O idioma oficial é o creole seselwa, baseado no francês, mas com forte influência africana e malgaxe. O francês e o inglês também são oficiais e largamente falados. Aprender algumas palavras em creole rende sorrisos imediatos. Bonzour (bom dia), mersi (obrigado), ki manyer? (como vai?), byen (bem).
A música tradicional inclui o sega e o moutya, ritmos de origem africana tocados em tambores feitos de pele de cabra. O moutya, em especial, era proibido durante o período colonial e hoje é símbolo de resistência cultural.
O Carnaval Internacional de Victoria, em fevereiro, atrai escolas de samba, grupos culturais de toda a região do Índico e visitantes do mundo todo. É o maior evento do ano e vale ajustar o calendário para coincidir.
Segurança e bom senso
Seychelles é considerada um dos destinos mais seguros do mundo. Crimes violentos contra turistas são raríssimos. Os problemas mais comuns são pequenos furtos em praias muito frequentadas, especialmente quando os pertences ficam sem vigilância. Cuidado básico resolve.
Os riscos reais são naturais: correntes marítimas em algumas praias da costa sudeste durante a estação dos alísios, mosquitos transmissores de dengue em períodos úmidos, sol pesado o ano inteiro (protetor solar reef-safe é obrigatório por lei em algumas reservas). Tubarões existem, mas ataques contra humanos são extremamente raros.

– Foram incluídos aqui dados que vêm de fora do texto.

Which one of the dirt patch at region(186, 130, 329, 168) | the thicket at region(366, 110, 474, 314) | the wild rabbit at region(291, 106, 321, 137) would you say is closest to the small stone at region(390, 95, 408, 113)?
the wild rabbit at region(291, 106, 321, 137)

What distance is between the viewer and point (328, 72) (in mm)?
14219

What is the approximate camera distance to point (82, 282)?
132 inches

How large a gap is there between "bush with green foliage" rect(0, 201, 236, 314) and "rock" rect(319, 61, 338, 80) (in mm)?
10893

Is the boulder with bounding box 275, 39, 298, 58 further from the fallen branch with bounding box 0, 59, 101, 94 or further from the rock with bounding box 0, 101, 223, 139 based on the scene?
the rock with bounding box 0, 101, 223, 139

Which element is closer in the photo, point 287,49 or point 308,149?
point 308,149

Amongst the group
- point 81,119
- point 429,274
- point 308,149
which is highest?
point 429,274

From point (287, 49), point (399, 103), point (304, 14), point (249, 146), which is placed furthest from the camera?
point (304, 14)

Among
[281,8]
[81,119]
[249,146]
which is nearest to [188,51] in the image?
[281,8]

Quanto tempo ficar e como combinar com outros destinos
O ideal são dez a doze dias para conhecer bem o trio Mahé, Praslin e La Digue, com tempo para descansar de verdade e fazer pelo menos um passeio de barco para ilhas menores como Curieuse, Cousin ou St. Pierre.
Roteiro que costuma funcionar muito bem:
- 3 noites em Mahé (chegada, descanso, exploração da capital e das praias do sul)

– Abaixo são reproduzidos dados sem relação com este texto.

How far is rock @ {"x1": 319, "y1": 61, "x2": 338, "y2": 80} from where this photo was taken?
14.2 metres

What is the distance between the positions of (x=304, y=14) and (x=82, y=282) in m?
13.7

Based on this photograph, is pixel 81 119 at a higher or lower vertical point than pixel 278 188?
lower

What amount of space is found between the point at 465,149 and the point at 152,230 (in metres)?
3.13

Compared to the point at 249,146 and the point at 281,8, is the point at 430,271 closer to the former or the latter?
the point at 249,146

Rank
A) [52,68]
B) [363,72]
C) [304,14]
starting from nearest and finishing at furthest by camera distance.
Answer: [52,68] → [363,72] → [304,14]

- 4 noites em Praslin (Vallée de Mai, Anse Lazio, passeios de barco)
- 3 noites em La Digue (bicicleta, praias paradisíacas, ritmo lento)
Combinações populares com outros destinos: safári na Tanzânia ou no Quênia antes de Seychelles funciona muito bem (existem voos diretos via Nairóbi e Dar es Salaam). Combinar com Maurício também é viável, mas exige conexão. Com Dubai, é a combinação mais comum entre brasileiros, aproveitando a parada técnica para conhecer a cidade por alguns dias.
Vale a pena?
Vale, mas é honesto reconhecer que não é destino para qualquer momento da vida. Seychelles é caro. Está longe. Exige planejamento. Não é o lugar ideal para uma primeira viagem internacional, nem para quem busca infraestrutura urbana e agito noturno.
Por outro lado, é provavelmente o destino mais espetacular do Oceano Índico em termos de paisagem natural pura. As praias são, sem qualquer eufemismo, as mais bonitas que já vi. A combinação de granito, areia, água transparente e vegetação tropical não existe em outro lugar do planeta no mesmo nível. Some a isso a segurança, a estabilidade política, a cultura acolhedora, a comida boa, a fauna e flora únicas, e o resultado é um destino que justifica o esforço financeiro de quem pode bancar.
É lugar para celebrar coisa grande. Casamento, aniversário redondo, conquista profissional, reencontro depois de tempos difíceis. Não é lugar para passar de raspão. É para se entregar, ficar, voltar lentamente para a vida normal depois.
E quando você volta, há um detalhe que ninguém avisa antes: Seychelles arruína todas as outras praias do mundo para você. Por anos. Talvez para sempre.